HENRY WALKER WILLCOX, with his brother, established the consulting engineering practice associated with his name in Sunderland. Mr. Willcox was born in Lewisham in 1869, and received his education in Sunderland High School and at the College of Science, Newcastle upon Tyne. In 1886 he commenced a four years' apprenticeship with Messrs. George Clark, Ltd., of Sunderland, and after a further period in the drawing office he remained for a few months as a journeyman with the firm. He then went to sea in a vessel belonging to Messrs. Millburn, and later obtained his First-Class Board of Trade Certificate.

Subsequently he became chief engineer of S.S. Port Elliot, and shortly afterwards suffered shipwreck off Dakar, in S.S. Port Douglas. On the death of his father, Mr. F. W. Willcox, M.I.Mech.E., in 1896, he left the sea and established his practice as a consulting marine engineer and ship surveyor in Sunderland. During his connection with the firm he was associated with the construction and supervision of merchant vessels for various owners, and had been a surveyor for the London Salvage Association since 1900.

He made many visits to foreign ports, salvaging damaged vessels in the interests of London underwriters.
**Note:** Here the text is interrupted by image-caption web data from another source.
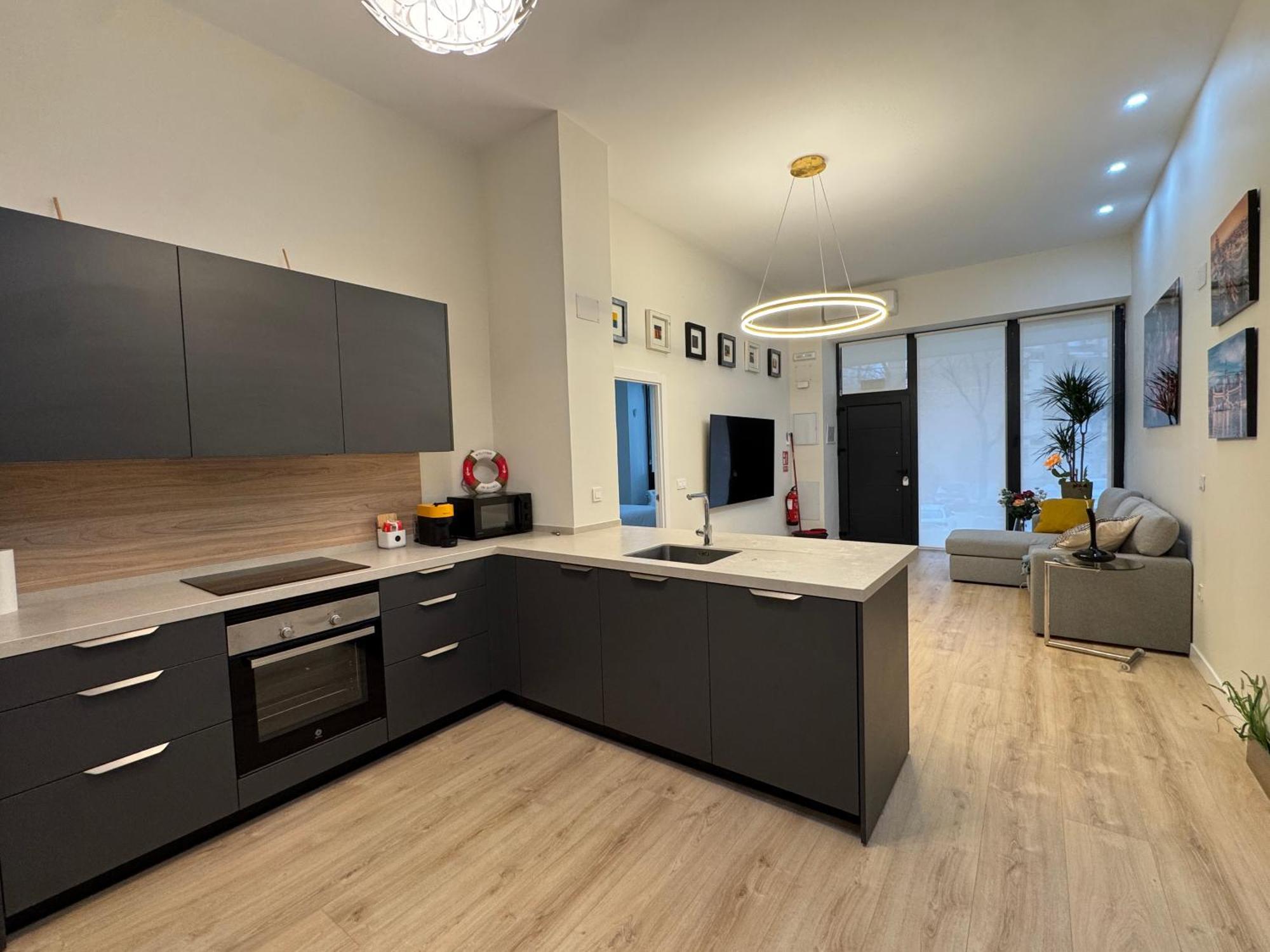Luxury Wifi Ac Servicios En La Puerta Apartment Madrid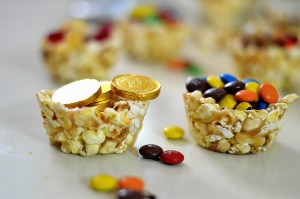 Caramel PopCorn Candy Cups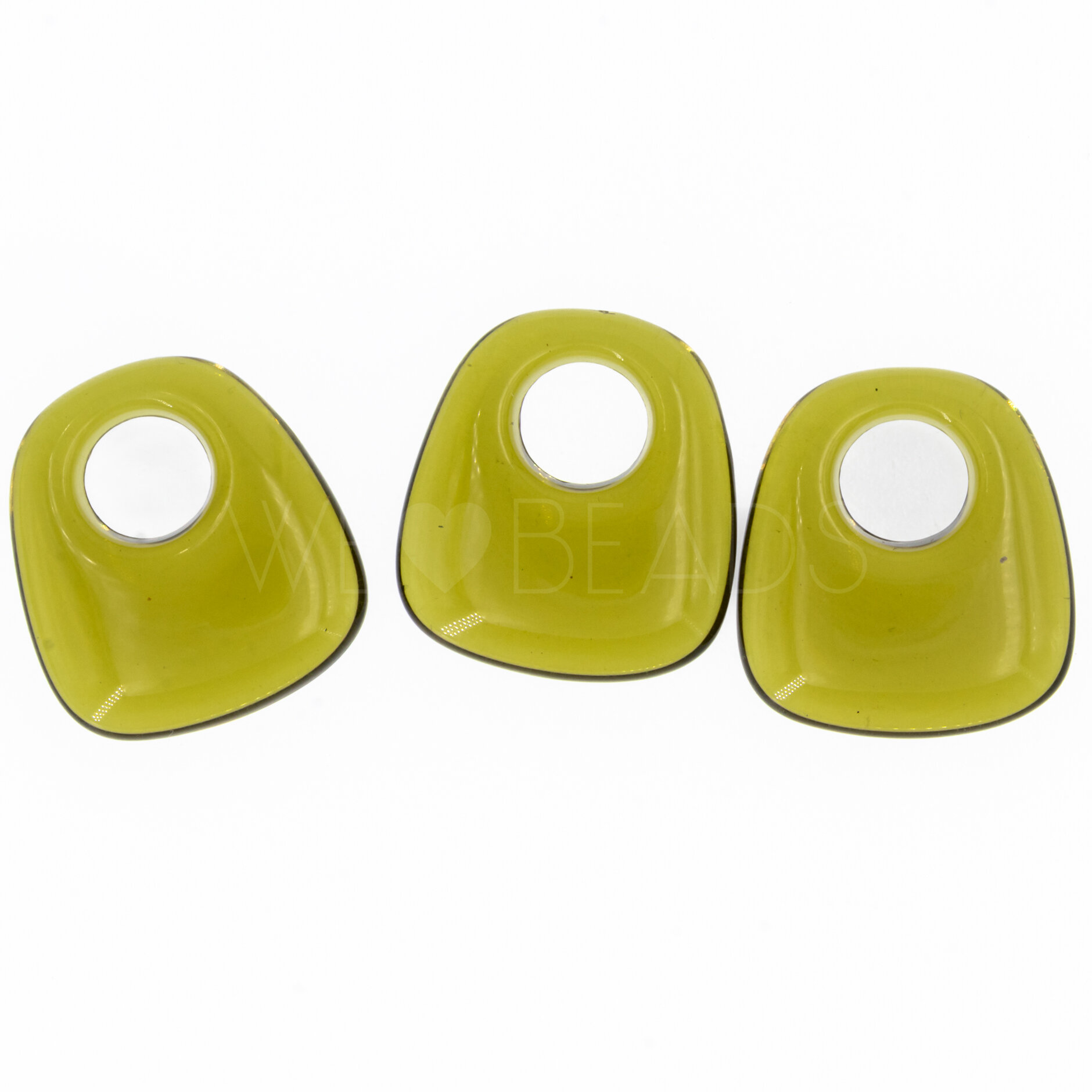 23x21 Trapezium Charm in muddgreen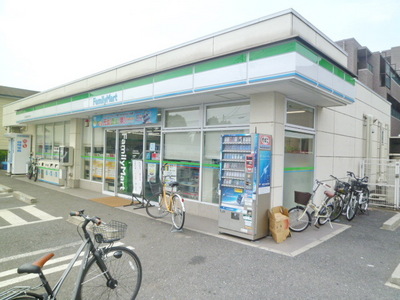 Convenience store. Family Mart (convenience store) to 350m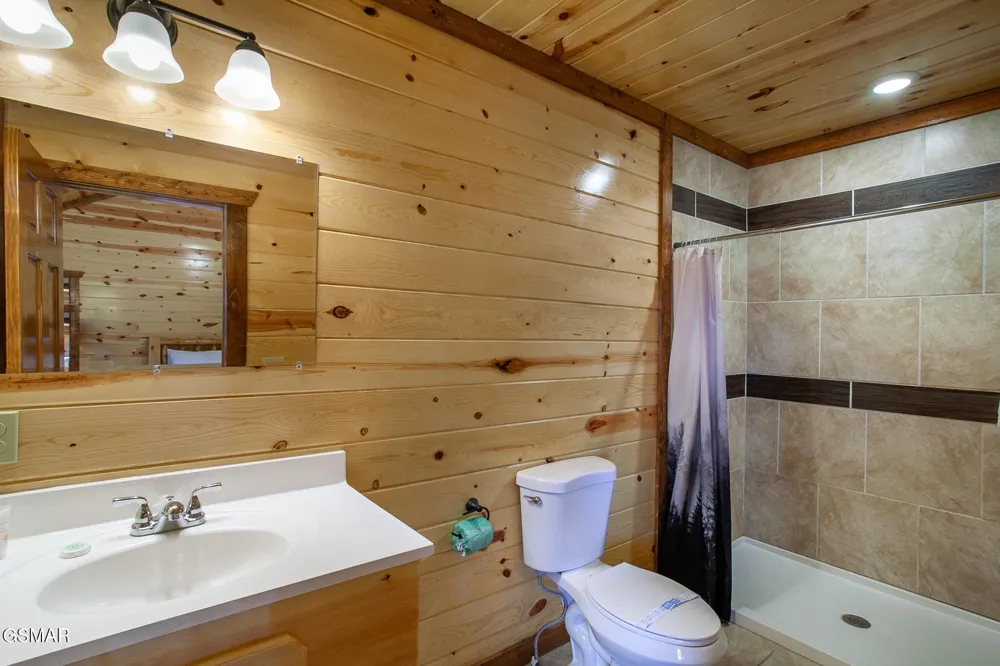 3708 Tilda Hilltop Way Sevierville, TN 37862
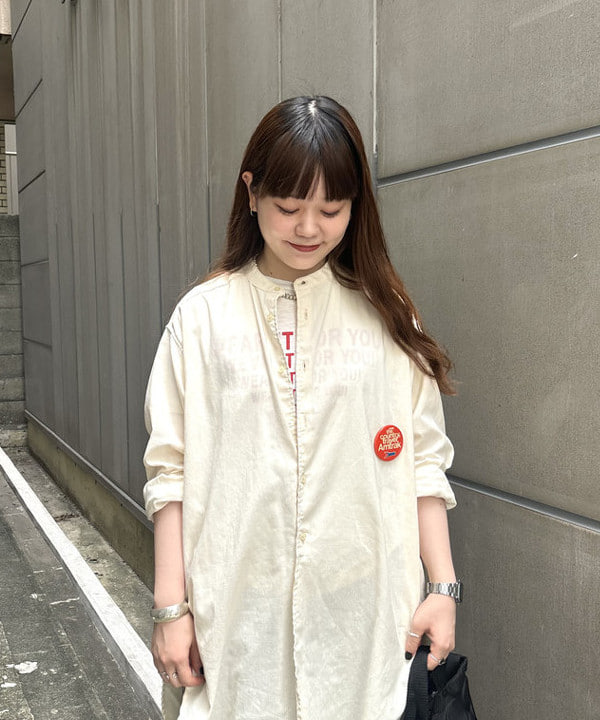 カスタニ モモノさんの「BEAMS WOMEN｜ラインロゴ ショートスリーブ Tシャツ」を使ったコーディネート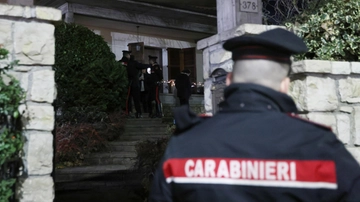 Bimba di 3 anni trova una pistola in giardino e spara un colpo: è in coma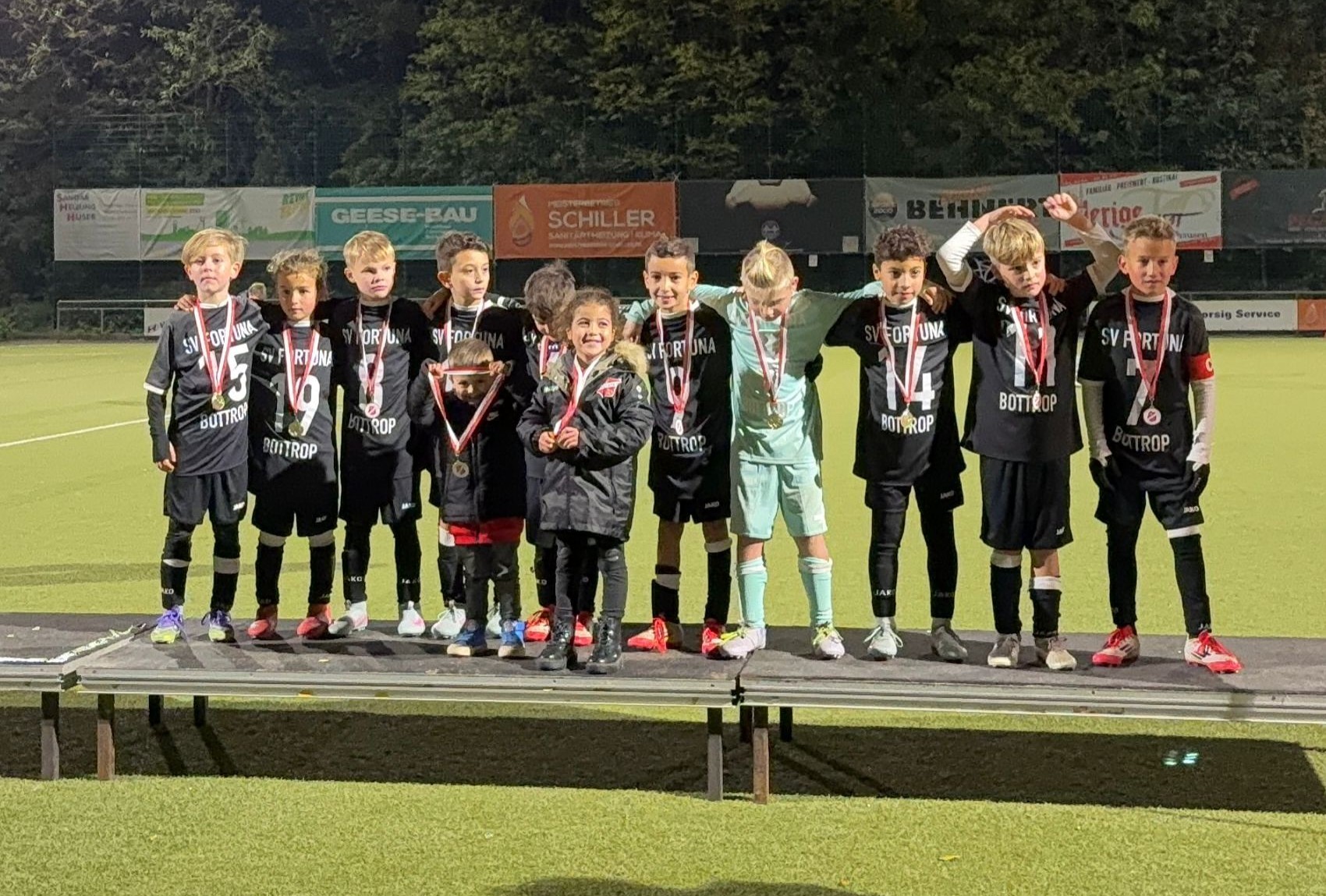 F1 beim Halloweenturnier ungeschlagen!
Thus in 1900 he went to Rio de Janeiro, to fit 40 feet of temporary wooden bottom to S.S. Hazel Branch, and three years later he effected similar repairs to S.S. Bristuria at Messina. During the war of 1914-18 his firm was appointed by the Admiralty, through Messrs. Vickers, Ltd., to superintend the fitting of Otter mine-protecting gear to 189 vessels at various north-east coast ports. Mr. Willcox was also associated with his brother in the design and production of an improved form of propeller, which he patented and marketed in his name, and which he fitted to over 4,000 vessels. He was a director of the now defunct Rectory Engineering Company, Ltd., which manufactured marine auxiliary machinery patented by his firm. In addition he was a district representative of Messrs. J. and E. Hall, Ltd., of Dartford, for marine refrigeration. He was a keen supporter of numerous technical societies.

In 1909 he was elected a Member of the Institution, and he was a founder of the Society of Consulting Marine Engineers and Ship Surveyors. His death occurred in Sunderland on 6th August 1940.